> **Exercise directions**: Without any of the pictures, transcribe all the lines below exactly.

(Dataset records)
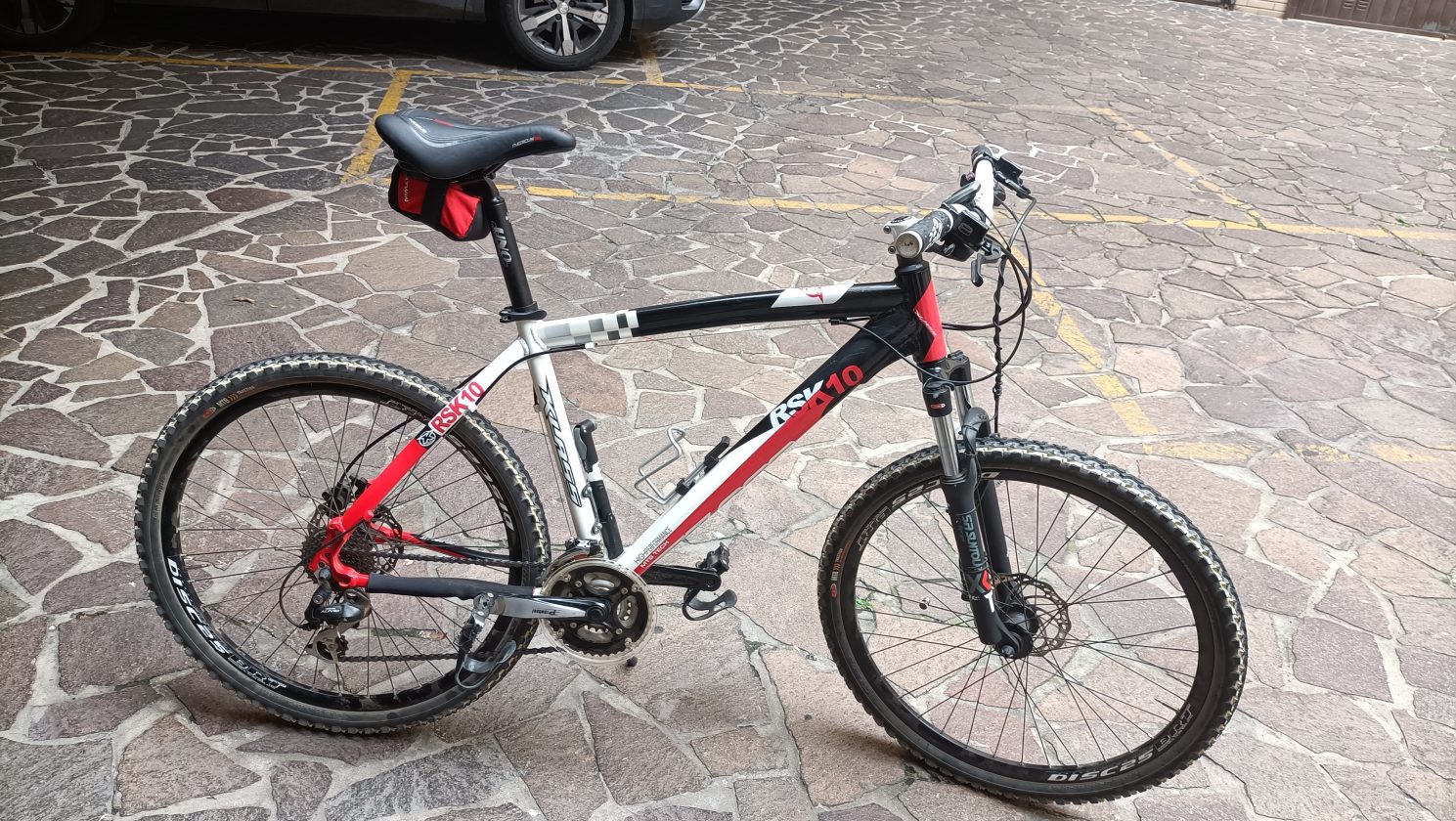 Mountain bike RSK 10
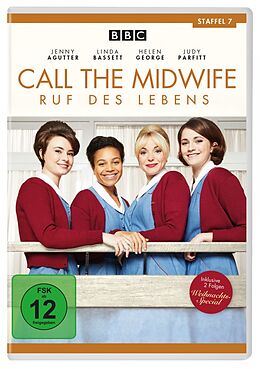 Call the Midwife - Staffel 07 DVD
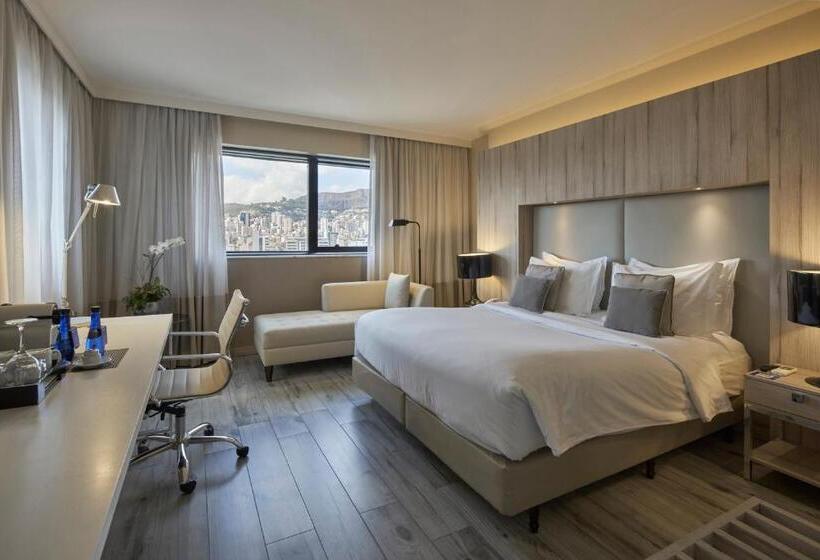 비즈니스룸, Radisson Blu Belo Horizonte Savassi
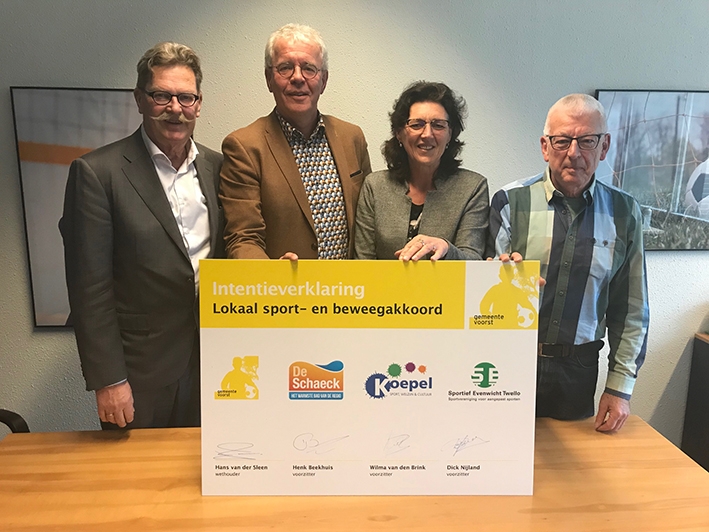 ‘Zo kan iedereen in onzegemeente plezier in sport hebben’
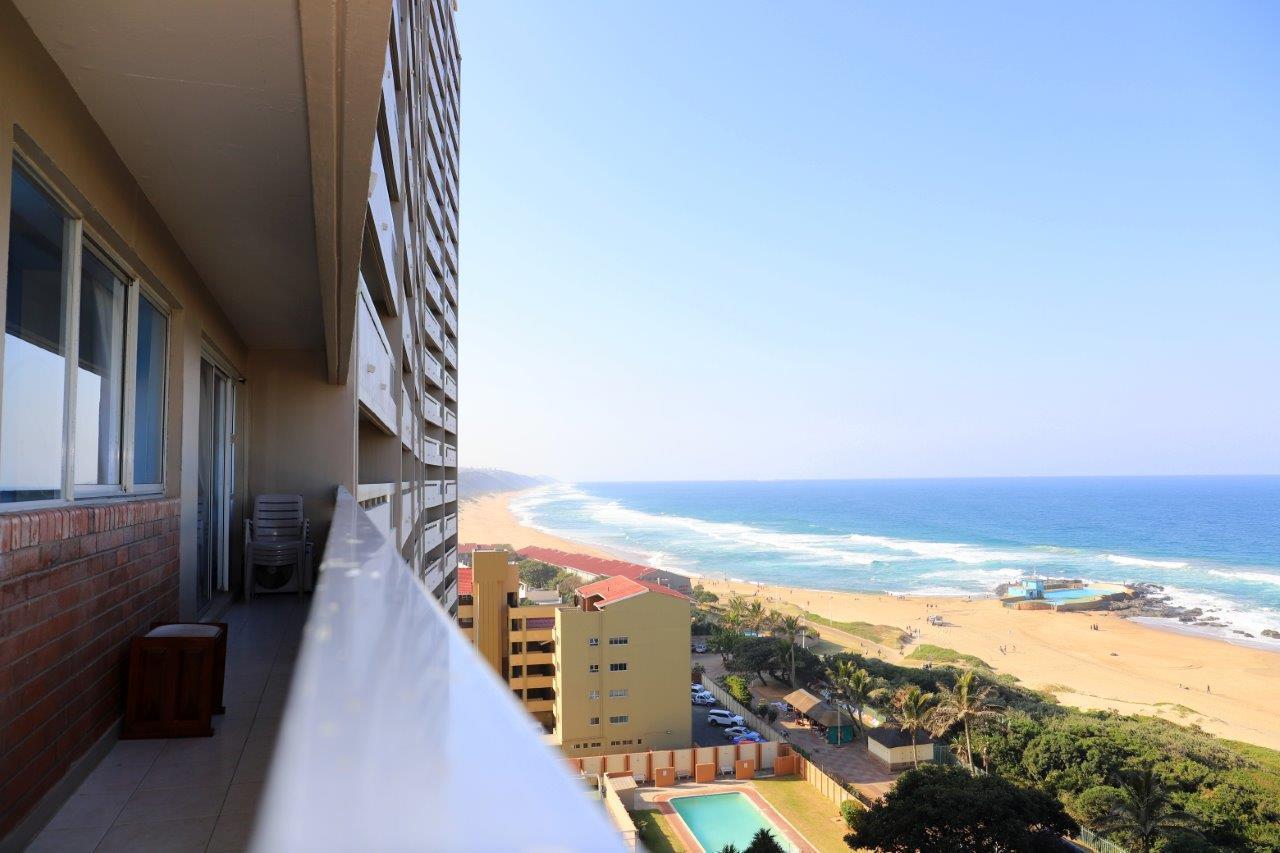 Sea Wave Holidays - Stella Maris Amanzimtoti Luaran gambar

> **Response for this exercise**:
 Mountain bike RSK 10
 Call the Midwife - Staffel 07 DVD
 비즈니스룸, Radisson Blu Belo Horizonte Savassi
 ‘Zo kan iedereen in onzegemeente plezier in sport hebben’
 Sea Wave Holidays - Stella Maris Amanzimtoti Luaran gambar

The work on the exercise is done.